_DATA IN THIS EXERCISE_.
↓
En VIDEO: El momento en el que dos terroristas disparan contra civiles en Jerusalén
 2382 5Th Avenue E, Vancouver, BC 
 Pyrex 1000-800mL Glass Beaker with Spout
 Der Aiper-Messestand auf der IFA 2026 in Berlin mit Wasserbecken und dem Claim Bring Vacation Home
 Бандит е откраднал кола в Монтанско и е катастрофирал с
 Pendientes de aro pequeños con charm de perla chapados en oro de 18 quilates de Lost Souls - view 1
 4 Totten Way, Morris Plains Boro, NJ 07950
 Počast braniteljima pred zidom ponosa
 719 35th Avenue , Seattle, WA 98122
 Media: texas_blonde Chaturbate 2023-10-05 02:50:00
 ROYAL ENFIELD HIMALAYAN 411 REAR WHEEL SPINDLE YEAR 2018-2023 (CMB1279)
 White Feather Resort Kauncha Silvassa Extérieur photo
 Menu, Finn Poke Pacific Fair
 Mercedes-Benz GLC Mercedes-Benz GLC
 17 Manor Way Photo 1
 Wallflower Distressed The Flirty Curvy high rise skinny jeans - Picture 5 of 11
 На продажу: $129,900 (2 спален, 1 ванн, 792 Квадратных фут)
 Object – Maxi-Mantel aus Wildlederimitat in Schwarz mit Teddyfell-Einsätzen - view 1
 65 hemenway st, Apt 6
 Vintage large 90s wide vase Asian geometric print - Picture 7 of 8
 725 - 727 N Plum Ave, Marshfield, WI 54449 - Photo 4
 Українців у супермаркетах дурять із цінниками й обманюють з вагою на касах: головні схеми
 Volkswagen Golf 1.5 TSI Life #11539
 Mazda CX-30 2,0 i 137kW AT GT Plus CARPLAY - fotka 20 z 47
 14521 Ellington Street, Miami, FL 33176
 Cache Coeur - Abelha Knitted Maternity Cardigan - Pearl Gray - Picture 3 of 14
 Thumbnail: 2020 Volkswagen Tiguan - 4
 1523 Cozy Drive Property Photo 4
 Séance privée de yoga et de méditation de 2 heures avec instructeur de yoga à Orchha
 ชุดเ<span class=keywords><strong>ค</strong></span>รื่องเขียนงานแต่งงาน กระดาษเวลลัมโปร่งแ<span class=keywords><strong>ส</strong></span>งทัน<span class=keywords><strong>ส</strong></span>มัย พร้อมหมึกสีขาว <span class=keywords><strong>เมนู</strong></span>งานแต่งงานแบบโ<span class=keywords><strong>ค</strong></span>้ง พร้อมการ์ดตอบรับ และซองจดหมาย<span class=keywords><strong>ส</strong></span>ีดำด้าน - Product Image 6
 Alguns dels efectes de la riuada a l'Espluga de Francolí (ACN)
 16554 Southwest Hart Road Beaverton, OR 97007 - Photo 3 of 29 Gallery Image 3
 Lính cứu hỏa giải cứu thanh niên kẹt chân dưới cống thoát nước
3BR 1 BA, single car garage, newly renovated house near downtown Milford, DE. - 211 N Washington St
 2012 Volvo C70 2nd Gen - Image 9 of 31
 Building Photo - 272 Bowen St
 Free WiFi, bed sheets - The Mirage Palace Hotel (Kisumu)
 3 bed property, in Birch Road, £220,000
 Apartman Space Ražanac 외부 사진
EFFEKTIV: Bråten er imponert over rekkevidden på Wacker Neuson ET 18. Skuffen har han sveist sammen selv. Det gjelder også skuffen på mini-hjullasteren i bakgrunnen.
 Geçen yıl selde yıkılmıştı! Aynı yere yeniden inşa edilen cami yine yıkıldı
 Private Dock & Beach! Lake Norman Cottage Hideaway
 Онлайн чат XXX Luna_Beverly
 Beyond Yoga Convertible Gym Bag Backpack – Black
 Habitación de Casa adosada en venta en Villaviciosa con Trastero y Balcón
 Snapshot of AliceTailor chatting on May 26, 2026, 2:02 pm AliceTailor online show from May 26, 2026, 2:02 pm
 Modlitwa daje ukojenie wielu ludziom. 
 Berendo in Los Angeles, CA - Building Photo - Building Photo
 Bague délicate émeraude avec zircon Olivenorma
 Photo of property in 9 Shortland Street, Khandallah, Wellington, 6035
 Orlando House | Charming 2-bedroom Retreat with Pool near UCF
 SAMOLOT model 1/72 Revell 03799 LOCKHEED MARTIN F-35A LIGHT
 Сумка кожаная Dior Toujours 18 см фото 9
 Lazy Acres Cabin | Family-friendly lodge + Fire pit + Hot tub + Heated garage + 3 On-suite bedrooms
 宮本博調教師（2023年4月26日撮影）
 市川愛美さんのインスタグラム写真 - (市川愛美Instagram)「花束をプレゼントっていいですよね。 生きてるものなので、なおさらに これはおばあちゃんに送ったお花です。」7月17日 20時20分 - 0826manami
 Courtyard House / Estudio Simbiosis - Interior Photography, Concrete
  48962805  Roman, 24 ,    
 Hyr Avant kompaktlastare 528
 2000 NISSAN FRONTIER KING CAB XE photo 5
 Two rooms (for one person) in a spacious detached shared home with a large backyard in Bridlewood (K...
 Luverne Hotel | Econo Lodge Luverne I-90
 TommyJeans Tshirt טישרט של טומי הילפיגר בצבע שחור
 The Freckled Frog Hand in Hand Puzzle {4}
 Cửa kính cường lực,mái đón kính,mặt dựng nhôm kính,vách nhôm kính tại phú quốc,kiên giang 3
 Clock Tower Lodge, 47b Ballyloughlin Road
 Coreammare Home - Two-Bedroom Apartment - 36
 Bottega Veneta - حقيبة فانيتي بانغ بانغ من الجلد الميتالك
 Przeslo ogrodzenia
↑
_EXERCISE DESCRIPTION_.
All lines above from the one containing "Volkswagen Golf 1.5 TSI Life #11539" to the one containing "16554 Southwest Hart" must be repeated exactly, both lines included, and no others.

_EXERCISE RESULT_.
 Volkswagen Golf 1.5 TSI Life #11539
 Mazda CX-30 2,0 i 137kW AT GT Plus CARPLAY - fotka 20 z 47
 14521 Ellington Street, Miami, FL 33176
 Cache Coeur - Abelha Knitted Maternity Cardigan - Pearl Gray - Picture 3 of 14
 Thumbnail: 2020 Volkswagen Tiguan - 4
 1523 Cozy Drive Property Photo 4
 Séance privée de yoga et de méditation de 2 heures avec instructeur de yoga à Orchha
 ชุดเ<span class=keywords><strong>ค</strong></span>รื่องเขียนงานแต่งงาน กระดาษเวลลัมโปร่งแ<span class=keywords><strong>ส</strong></span>งทัน<span class=keywords><strong>ส</strong></span>มัย พร้อมหมึกสีขาว <span class=keywords><strong>เมนู</strong></span>งานแต่งงานแบบโ<span class=keywords><strong>ค</strong></span>้ง พร้อมการ์ดตอบรับ และซองจดหมาย<span class=keywords><strong>ส</strong></span>ีดำด้าน - Product Image 6
 Alguns dels efectes de la riuada a l'Espluga de Francolí (ACN)
 16554 Southwest Hart Road Beaverton, OR 97007 - Photo 3 of 29 Gallery Image 3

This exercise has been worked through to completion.